SOURCE MATERIAL »
*** Block opens ***

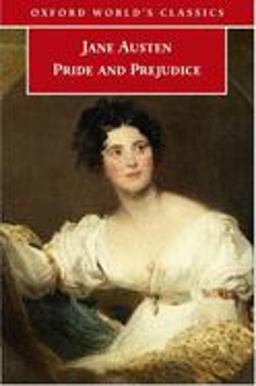 Pride and Prejudice 2nd 9780192802385 Front Cover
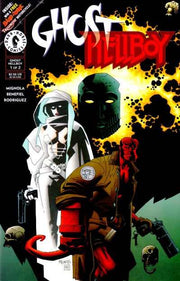 Ghost/Hellboy #1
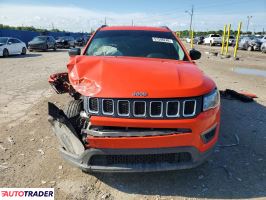 Jeep Compass 2021 2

*** Block closes ***

ABOUT THIS EXERCISE » Print the material above exactly as it appears, but not its pictures.

ANSWER SECTION »
 Pride and Prejudice 2nd 9780192802385 Front Cover
 Ghost/Hellboy #1
 Jeep Compass 2021 2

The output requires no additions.